Nov 17, 2004

A bill providing public funds to refurbish California's mission churches violates the First Amendment and is certain to provoke a lawsuit, says Americans United for Separation of Church and State.

Today the House of Representatives passed the California Missions Preservation Act (H.R. 1446), which provides $10 million to "restore and repair" 21 mission churches, 19 of which are owned by the Roman Catholic Church and have active congregations.

Americans United said the bill goes against basic constitutional principles.

"The Constitution clearly forbids government from funding religion," said the Rev. Barry W. Lynn, executive director of Americans United. "If the bill is signed into law, we plan to challenge it in court. Taxpayers should never be forced to maintain houses of worship."

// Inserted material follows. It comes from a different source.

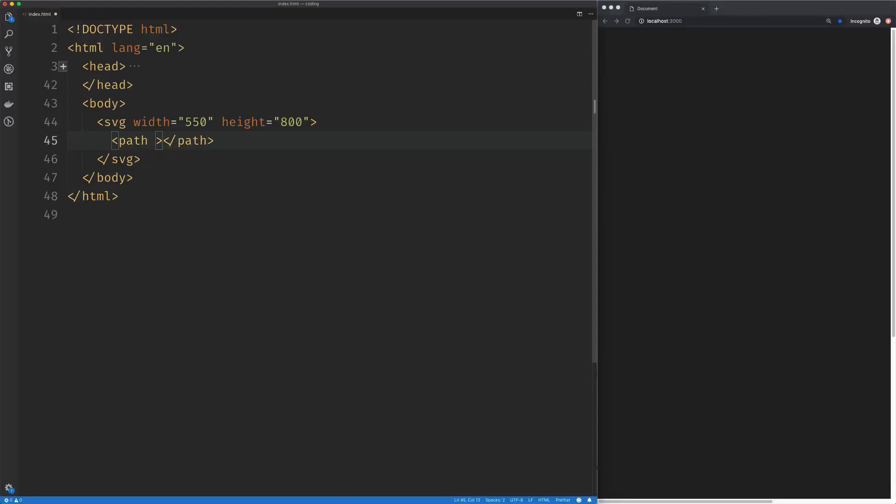We're going to set our starting point at 100 by 200 and begin creating our first arc with the uppercase A arc command. Now, the arc command takes a bunch of arguments, and the first one is the x radius of an ellipse.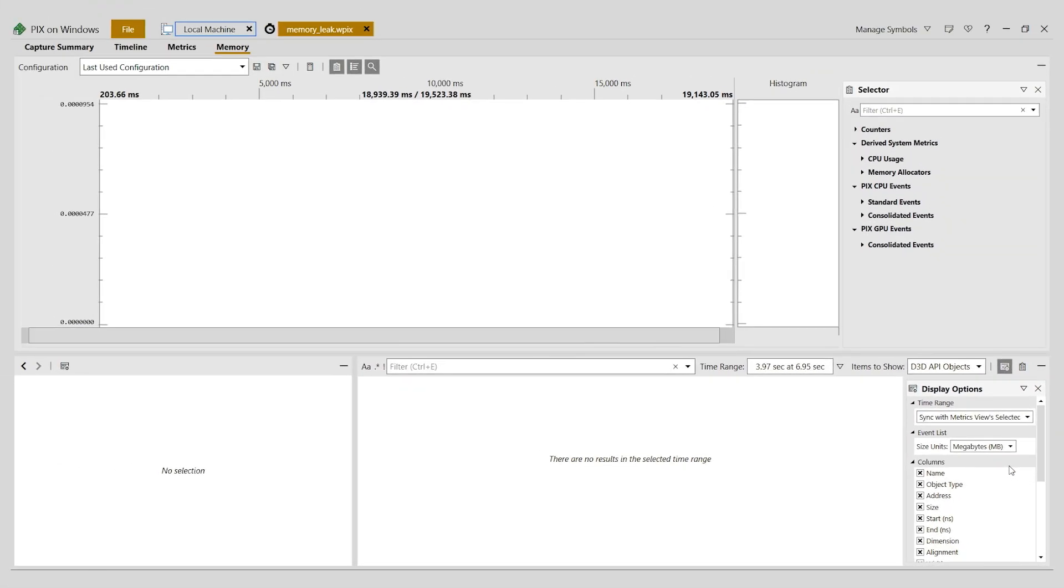To find a memory leak, we first need to look at the memory that's used over the course of the capture. If there's a leak, we'd expect memory use to grow over time. When one or more memory options are selected before starting a capture, PIX records information about the memory allocations and frees made by each allocator.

Lynn testified earlier this year before a Senate committee considering the bill and today issued a letter to House members urging them to defeat the measure.

"In short, the California Missions Preservation Act would violate the First Amendment by forcing taxpayers nationwide to pay for church repairs, even repairs and restoration of facilities with active congregations," Lynn stated in the Nov. 17 letter.

The bill, which has already been approved by the Senate, states that the Secretary of Interior shall make grants to the California Missions Foundation to repair the missions and their artifacts. The measure now goes to the desk of President George W. Bush.

"We appreciate the important role that these missions play in California's history," Lynn said. "But they are not museums; they are houses of worship. The First Amendment protects taxpayers from having to support religion, and the California missions bill blatantly violates that principle."

Americans United for Separation of Church and State is a religious liberty watchdog group based in Washington, D.C. Founded in 1947, the organization educates Americans about the importance of church-state separation in the safeguarding religious freedom.